* _EXERCISE AIM_: Only the lines from the start of the data through the line containing "Gray Buffalo Check Fall Dog Harness" should be written out, exactly as they are, with both ends included and the pictures left out.

__________

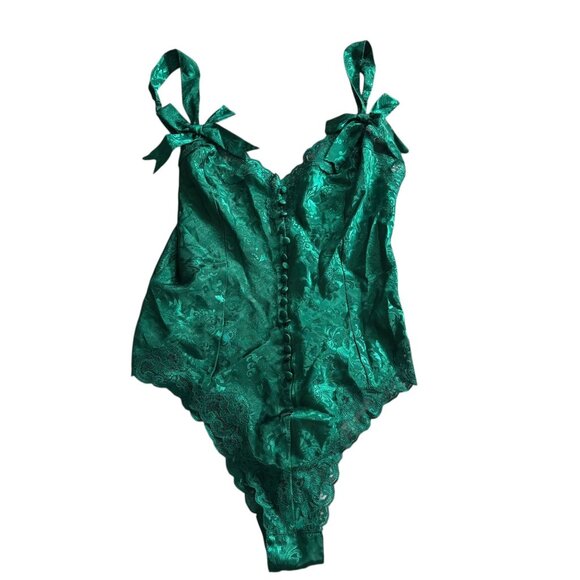 Vintage Victorias Secret Green Bodysuit Medium Teddy Lingerie Gold Label Snaps - Picture 1 of 6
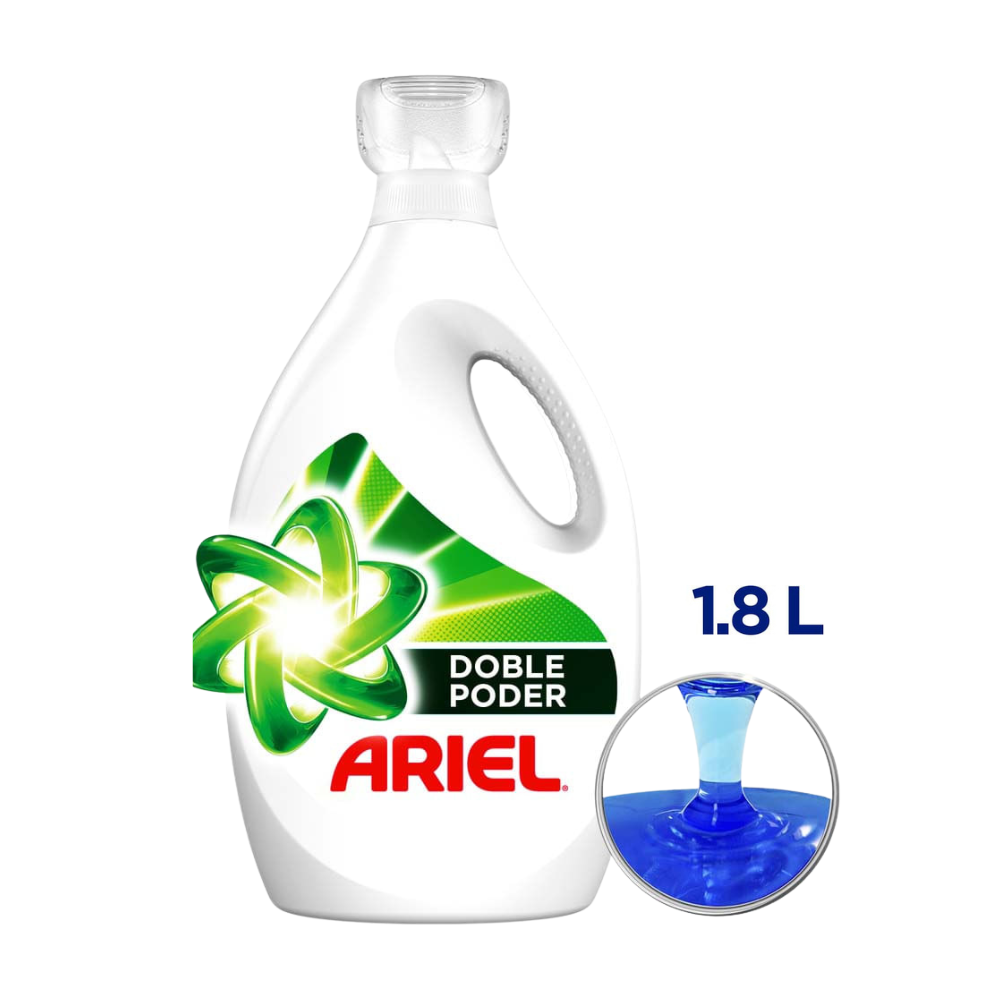 Detergente Líquido Ariel Doble Poder Frasco 1.8Lt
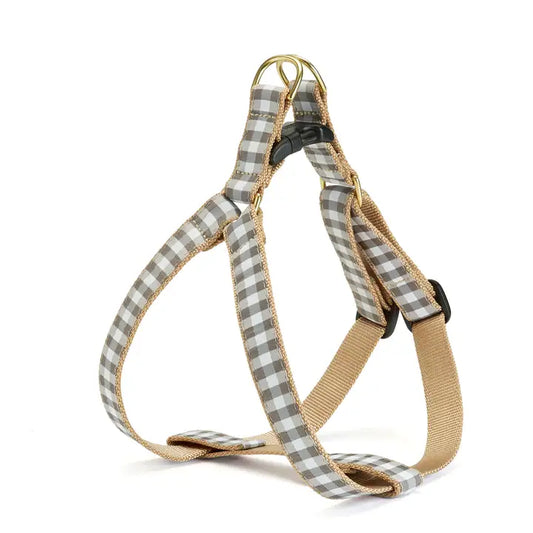 Gray Buffalo Check Fall Dog Harness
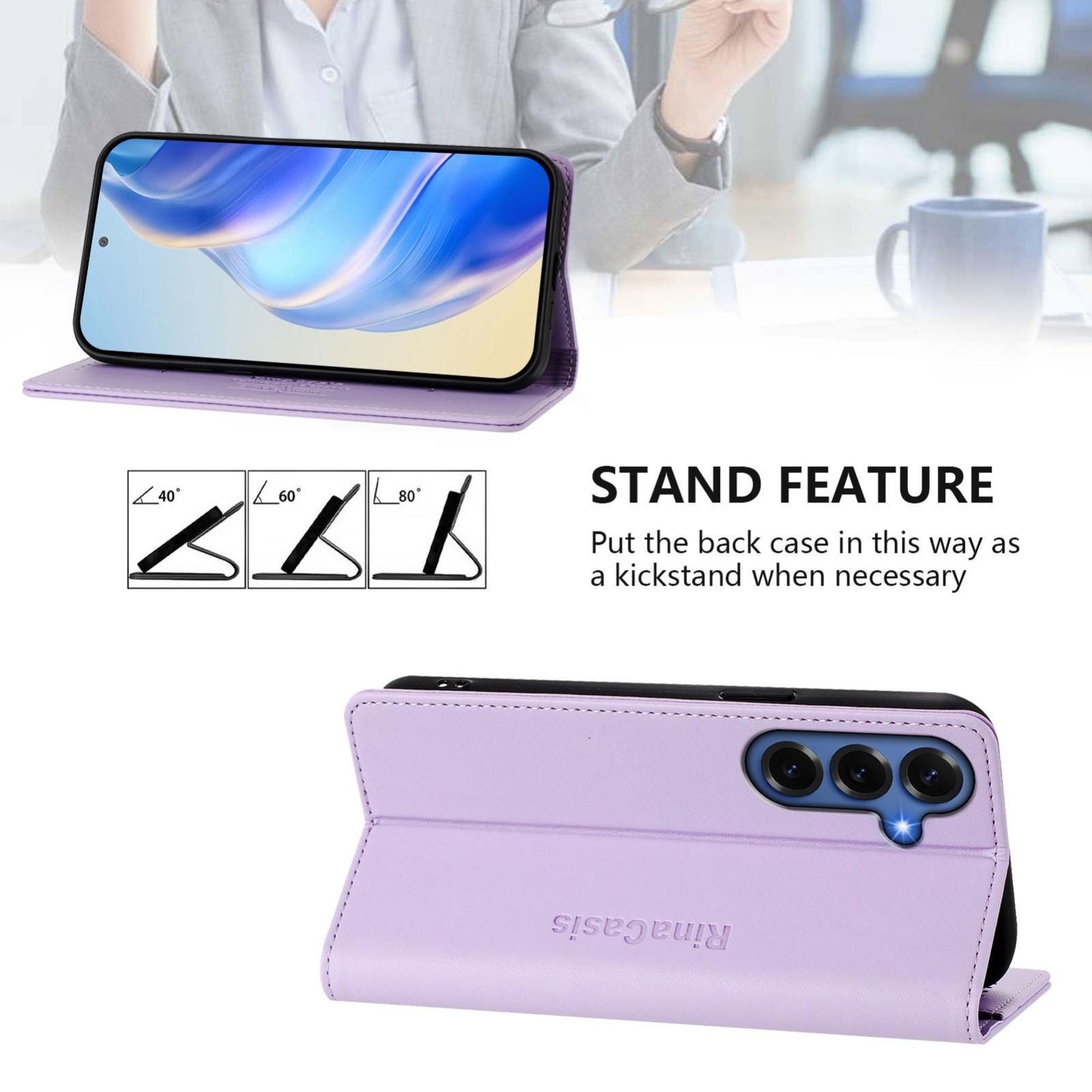 Samsung Galaxy S26+ 5G Dual-Folded Magnetic Suction RFID Blocking PU Leather Wallet Phone Case with Card Slots, Cash Pocket, Kickstand, Full Protective Flip Cover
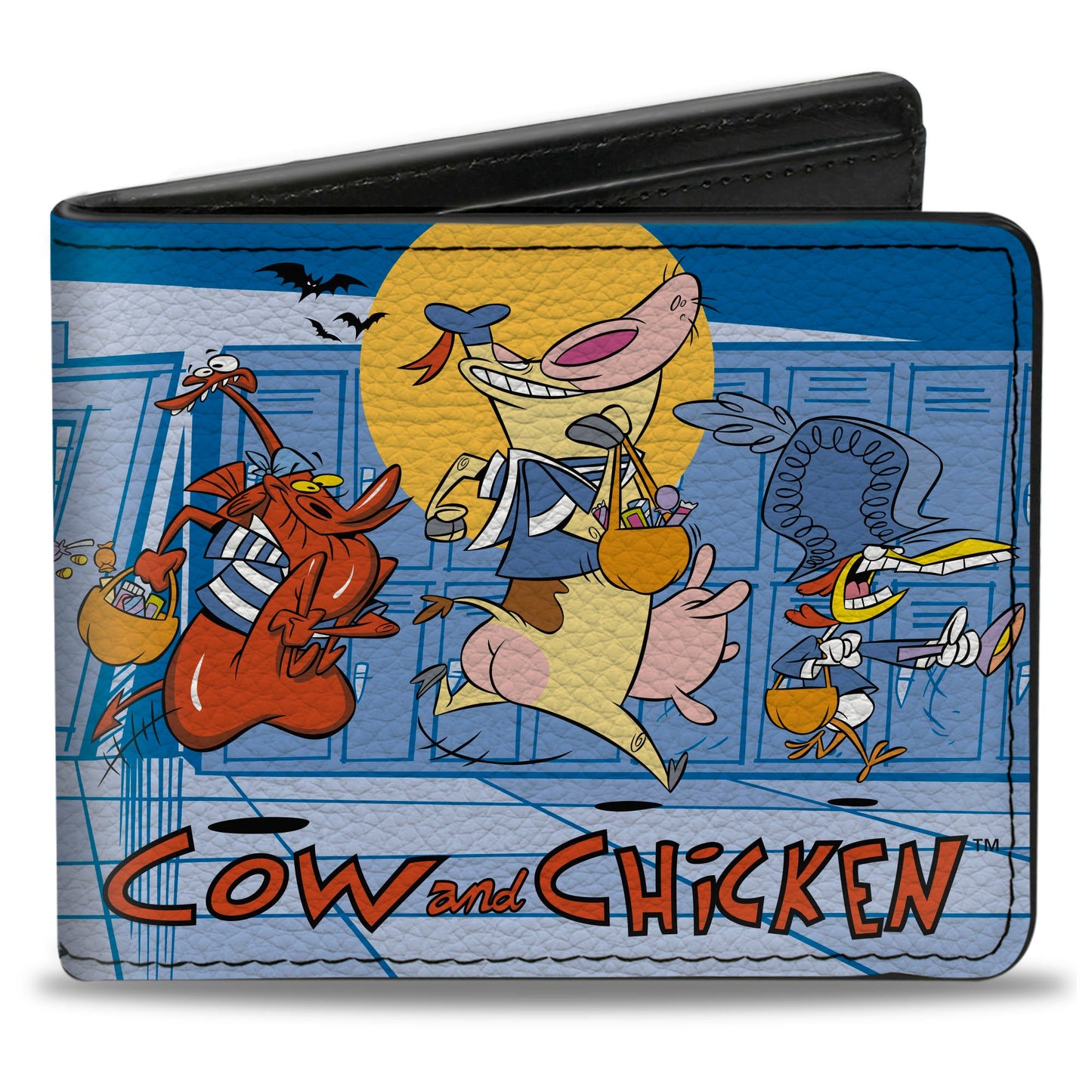 Bi-Fold Wallet - COW AND CHICKEN with Red Guy Running Pose and Title Logo Blues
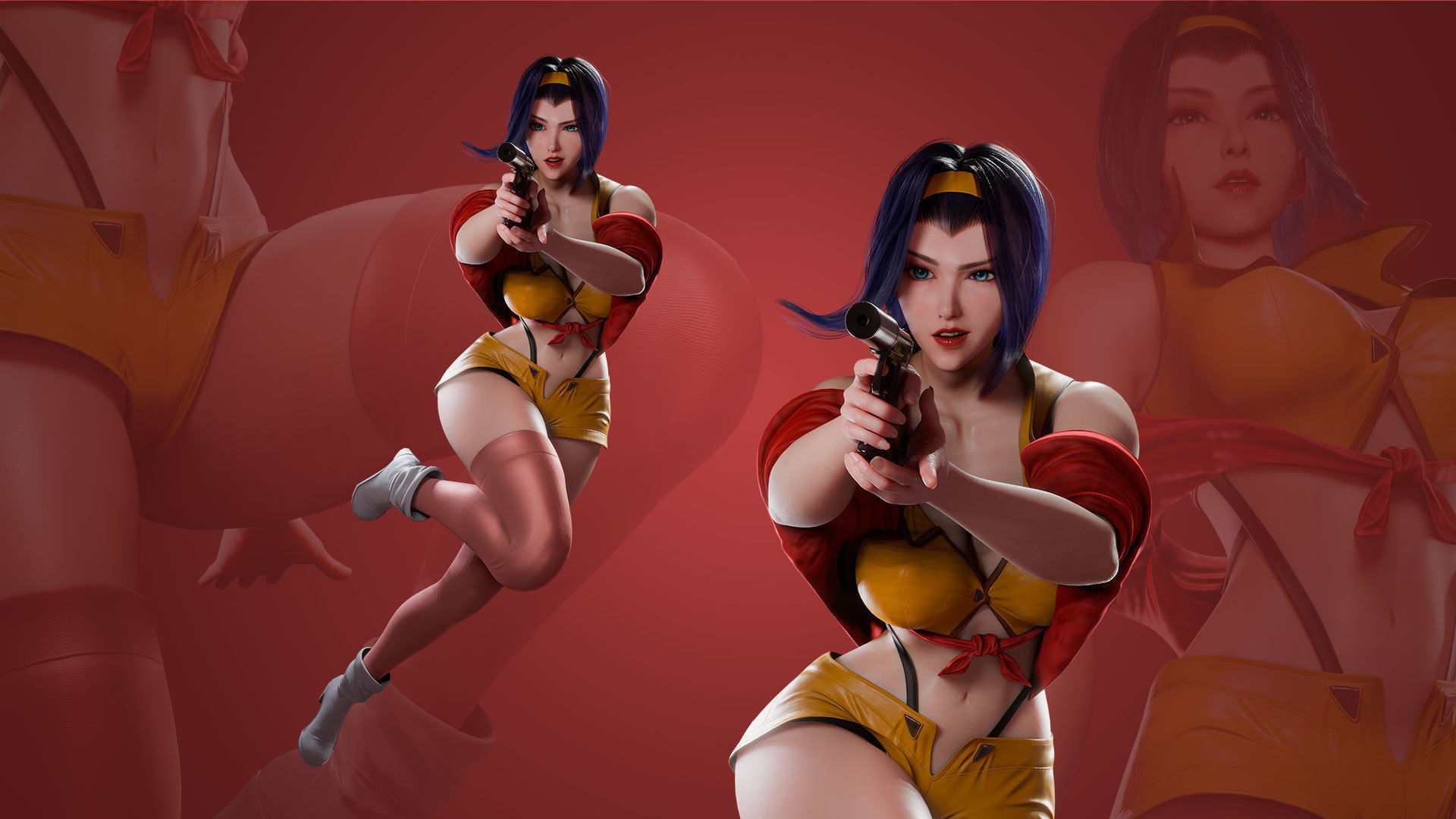Faye Valentine - Cowboy Bebop - Game Ready 3D model - UE5 Low-poly 3D model_5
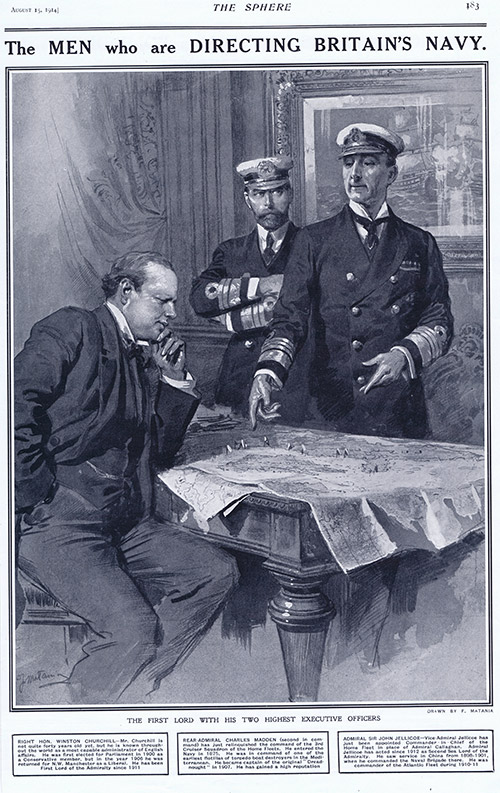 The Men who are Directing Britain's Navy  (original cover page The Sphere 1914) (Print) by 1914 (Matania original prints) at The Illustration Art Gallery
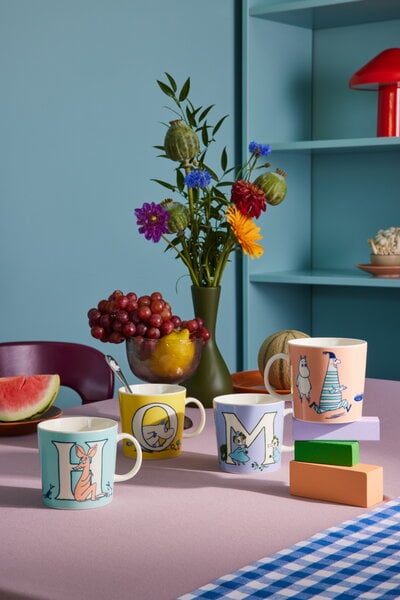 Cups & mugs, Moomin mug 0,4 L, ABC, H, Light blue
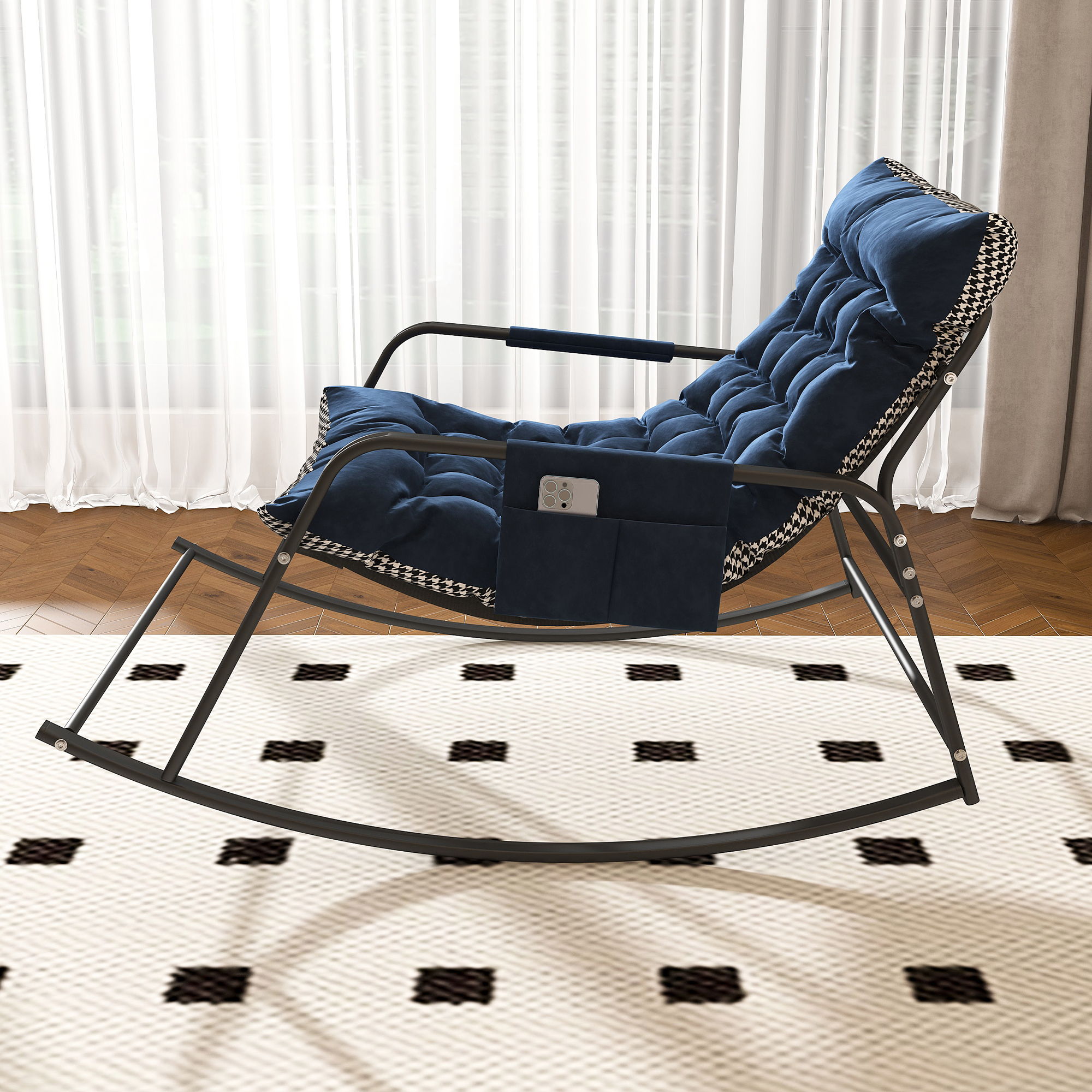 Rocking Chair With Storage, Cushions & Armrests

__________

* _OUTPUT OF THE EXERCISE_:
 Vintage Victorias Secret Green Bodysuit Medium Teddy Lingerie Gold Label Snaps - Picture 1 of 6
 Detergente Líquido Ariel Doble Poder Frasco 1.8Lt
 Gray Buffalo Check Fall Dog Harness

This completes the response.